Building Enterprise Data Warehouse in Google Cloud using Low Code
One of Google Cloud customers is building a data warehouse in the Google Cloud by ingesting data from enterprise applications such as NetSuite, Workday, Harvest, Smartsheet, CSV files, etc. An analytics team connects to the warehouse using BI tools such as Tableau for analysis.
The use case presented several challenges:
- The pipeline should support enterprise security and governance policies.
- The system should provide flexible scheduling up to the table level.
- Some tables required custom handling for exceptional cases, such as handling physically deleted records.
- Flexibility to incorporate logic in the pipeline.
- A user interface to correct and add missing data.
Integration Platform as a Service
The initial goal was to use an Integration Platform such as StichData, and Fivetran. Soon, we realized that they limited the flexibility for scripting specific requirements.
Trillo Workbench for Integration
Trillo Workbench, a server-side low code platform on the Google Platform, met all requirements — primarily due to its programmability using scripts. Trillo Workbench provides the following relevant services:
- Trillo Workbench can connect with external applications using OAuth2, OAuth1, JDBC for on-premise databases, and SFTP for file transfer.
- Trillo Workbench can automatically infer schema and auto-create it in the data warehouse database (Cloud SQL and BigQuery). It simultaneously creates a JSON file for the metadata of the database tables. Users can modify this file to fine-tune the tables, such as specifying the length of the column, change type, uniqueness, indexing, etc.
- Trillo Workbench provides APIs to pull paginated data from the source system and batch writes into the destination tables.
- Trillo Workbench provides scripting capability to write code using its APIs to pull data, transform it and write it into destination tables. The flexibility to program pipelines using 100–200 lines of code is a powerful feature to handle special requirements.

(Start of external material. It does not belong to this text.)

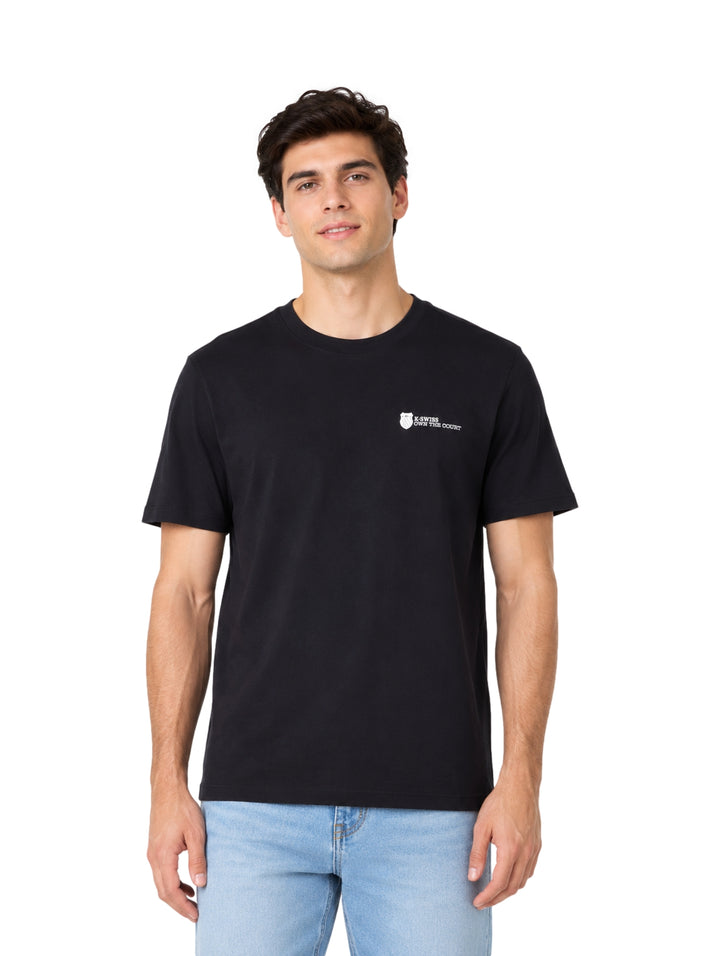 Hombre vistiendo una playera negra de manga corta marca K-Swiss.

- Trillo Workbench can manage credentials securely. It can layer role-based access control on top of the data in the warehouse.

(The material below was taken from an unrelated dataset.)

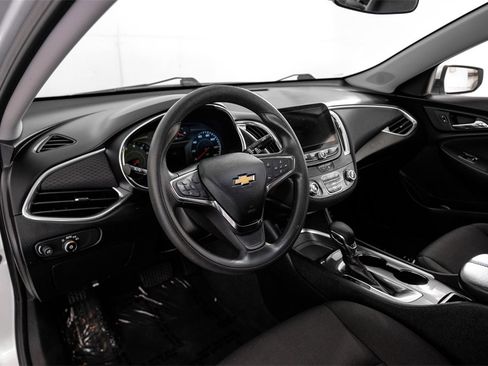 Used 2021 Chevrolet Malibu LT image 2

- Trillo Workbench provides a scheduler and workflow to run the pipeline at a required interval.
- Trillo Workbench provides audit logs and alerts for monitoring the pipeline.
- Trillo Workbench provides UI to insert and edit records.
- Trillo Workbench schedules queries and stored procedures to create materialized views or data mart tables.
The following diagram shows the resulting architecture of the pipeline.
Conclusion
In phase 1, the pipeline is operational for the Harvest, Workday, NetSuite, Smartsheet, and CSV files. In phase 2, the customer will integrate several other systems.
Trillo Workbench provides a low code (hence low cost and less time) option for ingesting data from enterprise applications and files into a data warehouse in Google.